You can inspect compact summaries with:

fit_summary = NoLimits.summarize(res)
fit_summary

Uncertainty Quantification with VI

For VI fits, use compute_uq(...; method=:chain) to build intervals from posterior samples drawn from the variational posterior:

uq = compute_uq(
    res;
    method=:chain,
    level=0.95,
    mcmc_draws=150,
    rng=Random.Xoshiro(4),
)

mcmc_warmup is ignored for VI because there is no chain adaptation phase.

Multistart with VI

VI is fully compatible with Multistart. Use it when the ELBO landscape may be multimodal or when sensitivity to initialization is a concern:

using NoLimits
using Random

ms = NoLimits.Multistart(;
    n_draws_requested = 10,
    n_draws_used      = 3,
    sampling          = :lhs,
    rng               = Random.Xoshiro(42),
)

res_ms = fit_model(
    ms, dm,
    NoLimits.VI(; turing_kwargs=(max_iter=300, family=:meanfield, progress=false)),
    rng=Random.Xoshiro(1),
)

posterior = get_variational_posterior(res_ms)
objective = get_objective(res_ms)   # final ELBO of the best run

The screening phase evaluates the marginal log-likelihood at η = 0 for each candidate before running any VI optimization. The best run is selected by the final ELBO value (get_objective).
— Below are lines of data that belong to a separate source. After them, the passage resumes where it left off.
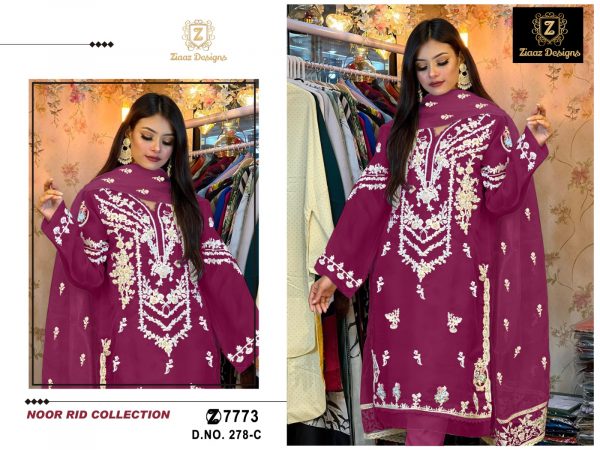 ZIAAZ DESIGNS 278 SERIES NOOR EID PAKISTANI SUITS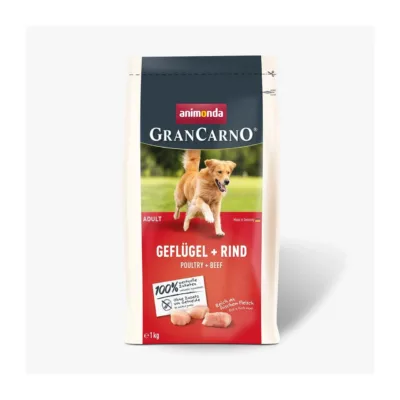 Animonda GranCarno linnulihaga gluteenivaba koeratoit 1kg kott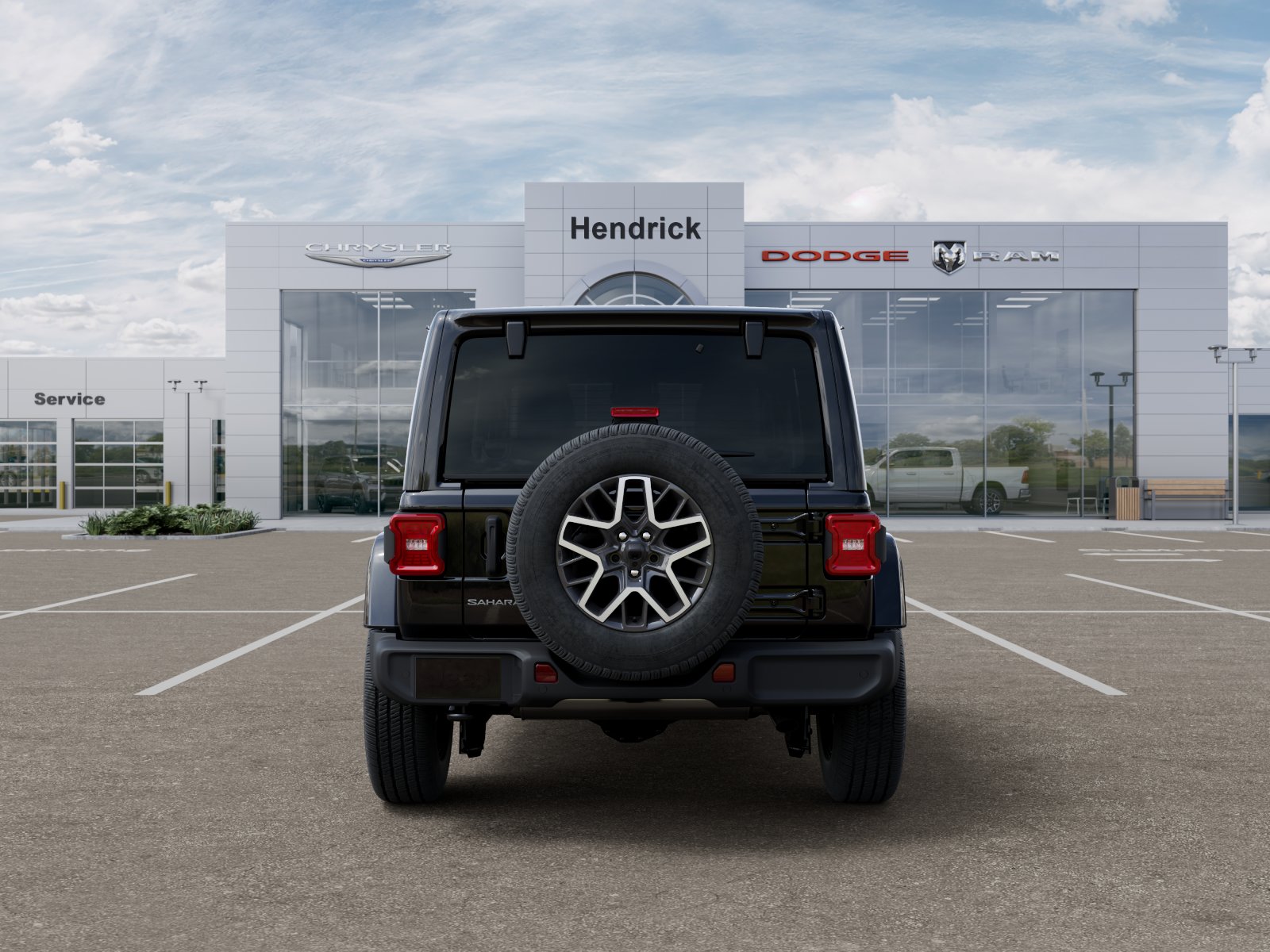 New 2026 Black Clear-Coat Exterior Paint Jeep Sahara image 69
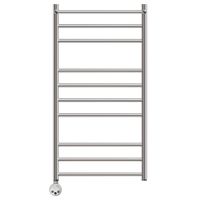 Полотенцесушитель электрический Point Аврора П9 500x1000 с полкой левый/правый, хром арт-PN10150PE — фото 3, Электрические полотенцесушители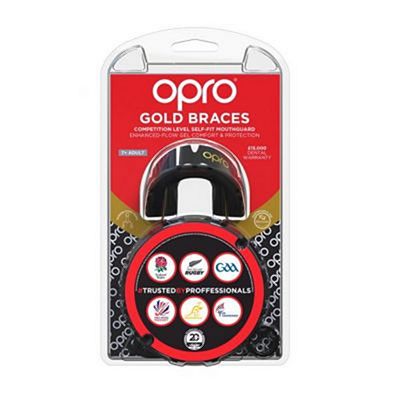 OPRO Gold Braces Nero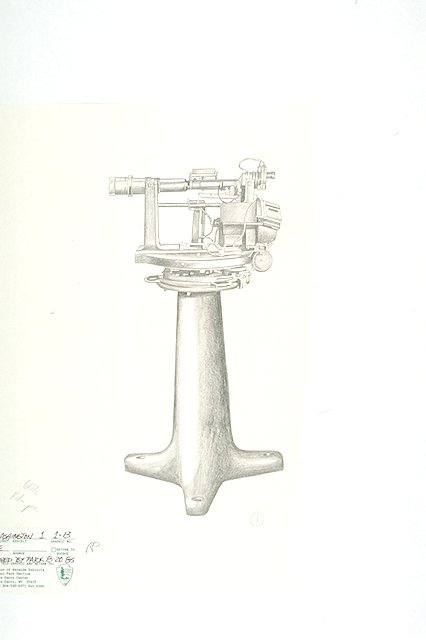 A depression position finder used to locate targets at ranges of between 1,500 and 12,000 yards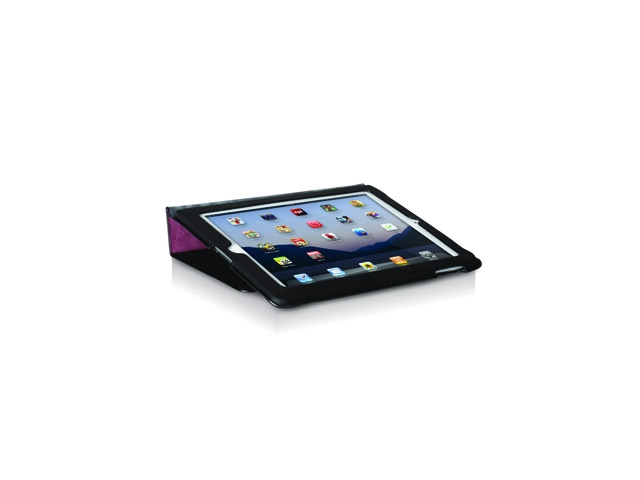 Чехол Odoyo SlimCoat Soft Folio Case для Apple iPad 2/new iPad (фиолетовый/черный, кожанный)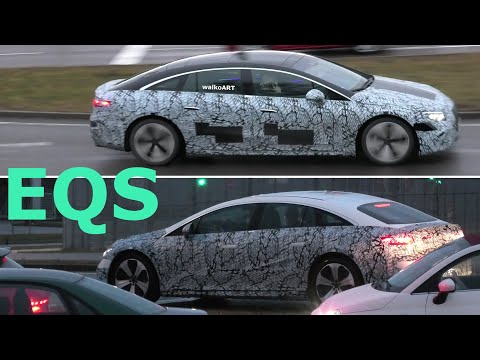 Mercedes Erlkönig EQS weniger getarnt V297 * less camouflaged prototypes * 4K SPY VIDEO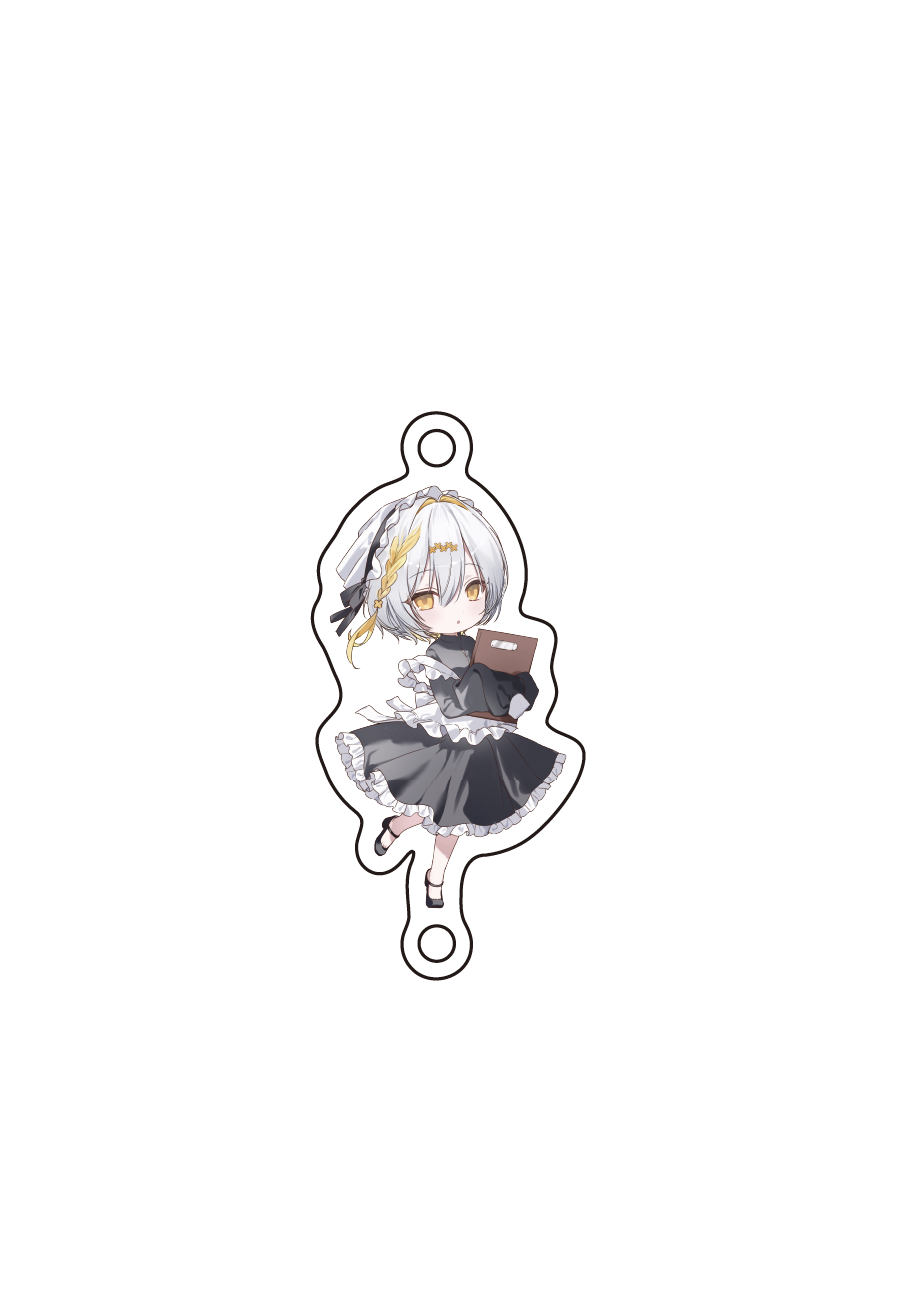 連結アクリルキーホルダー(8種)ナツメイツキ(Ver.A)
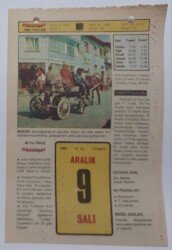 9 Aralık 1980 Takvim Yaprağı - Doğum Günü Hediyesi EFM(N)7225 - Gökçekoleksiyon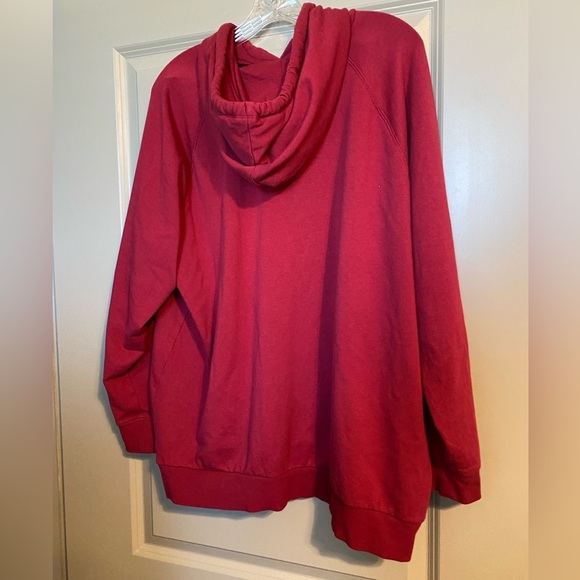 Burgundy Hoodie with Sparkly Ties - Picture 2 of 4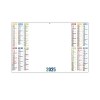 L effacable 2025 - maxi leger souple - 650x405mm - verso hebdomadaire - pelliculage effacable - marquage quadri - 1 trou en tete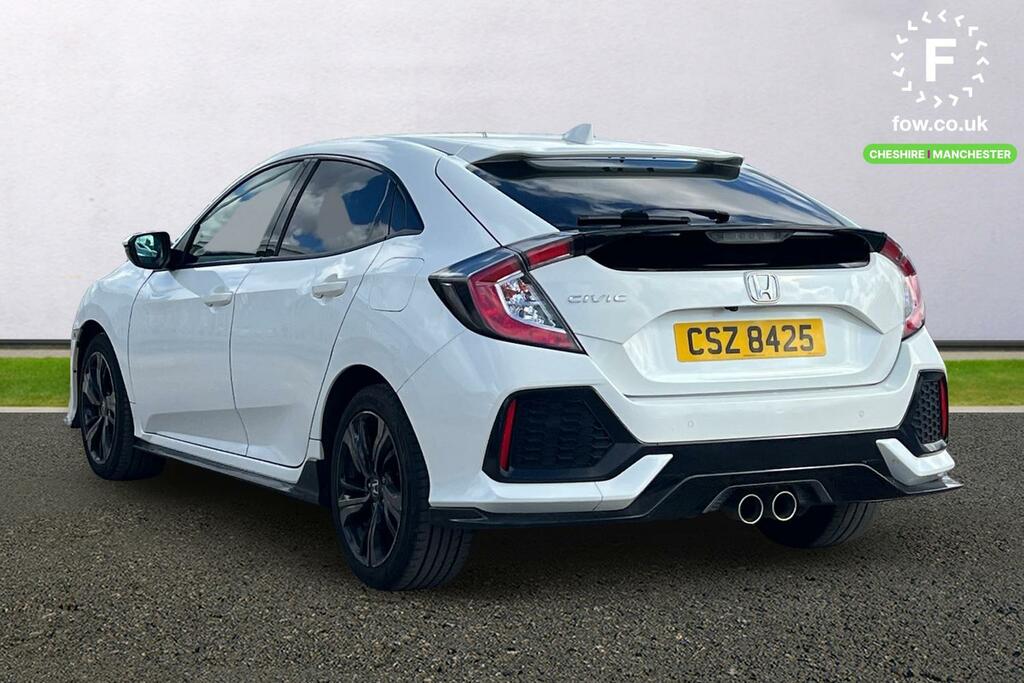 Honda Civic 1.5 Vtec Turbo Sport White #2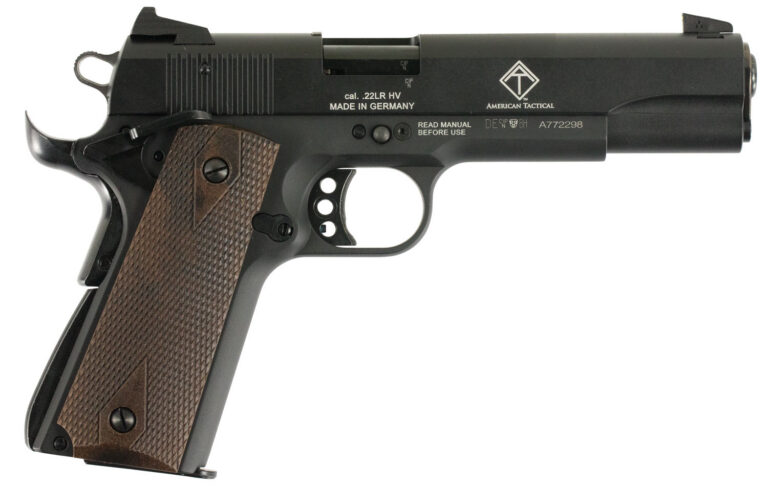 ATI GSG M1911 HGA 22LR 5" BL W/WOOD GRIPS 10/RD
See the Multistart page for full details on the two-phase workflow and logging.

Practical Notes

  • Start with family=:meanfield for speed, then compare with :fullrank when posterior correlations are expected.
  • Check get_vi_trace(res) and downstream predictive diagnostics (plot_fits, residual plots, VPC) to assess approximation quality.
  • For highly multimodal or strongly non-Gaussian posteriors, MCMC remains the more faithful Bayesian baseline.